In order to run prometheus, pull the following Docker image:
$ docker pull prom/prometheus
Then run the Prometheus container, making sure to mount the configuration file we just created:
$ docker run --network host -v /tmp/prometheus.yml:/etc/prometheus/prometheus.yml --name promy prom/prometheus
Note that to have Prometheus reach the metrics endpoint exposed by IPFS Cluster, it requires that the container be run on the host’s network, this done via the --network host
flag in the run command above.
IPFS Cluster configuration
Configure the observations
section in the service.json
file as follows:
{
"metrics": {
"enable_stats": true,
"prometheus_endpoint": "/ip4/0.0.0.0/tcp/8888",
"reporting_interval": "2s"
},
"tracing": {
"enable_tracing": true,
"jaeger_agent_endpoint": "/ip4/0.0.0.0/udp/6831",
"sampling_prob": 0.3,
"service_name": "cluster-daemon"
}
}
For local development tracing, it is advised to change the observations.tracing.sampling_prob
to 1
, so that every action in the system is recorded and sent to Jaeger.

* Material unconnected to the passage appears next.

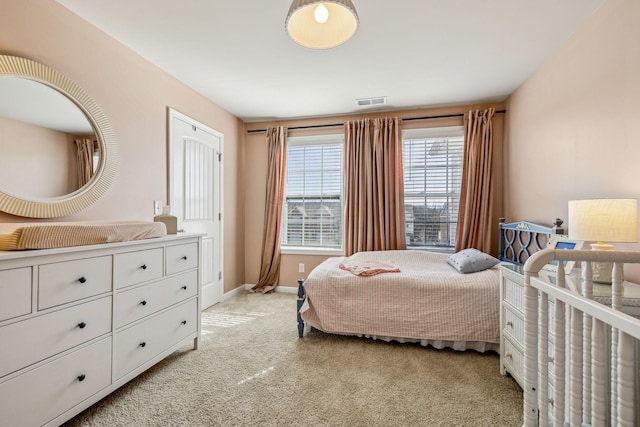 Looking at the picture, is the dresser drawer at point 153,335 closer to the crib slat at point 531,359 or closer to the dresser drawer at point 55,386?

Running the cluster peer with the configuration above should provide an endpoint for Prometheus to collect metrics and will push traces to Jaeger.
Once cluster peer has started, go to http://localhost:9090/targets to confirm that Prometheus has been able to beginning scraping metrics from IPFS Cluster.
To confirm that tracing is functioning correctly, we will add a file and pin to IPFS Cluster in one step by using the IPFS Cluster add
command and then search for its trace in Jaeger.
$ echo 'test tracing file' > test.file
$ ipfs-cluster-ctl add test.file
Go to https://localhost:16686 and you should see a trace, it may be labelled <trace-without-root-span>
due to an issue with how Jaeger creates/determines root spans, but all the information is still inside. If there is nothing there, give it sometime to flush the traces to the Jaeger Collector as it isn’t instantaneous.
After having run a few commands to get some traces, it is a good time to go check out the graph page of Prometheus, which is prefilled with a histogram of the request latencies of the gorpc
calls between IPFS Cluster components. There are plenty of other metrics configured for collection and they can be found in the drop-down next to the Execute
button.
Hopefully, this tooling enables you to better understand how IPFS Cluster operates and performs.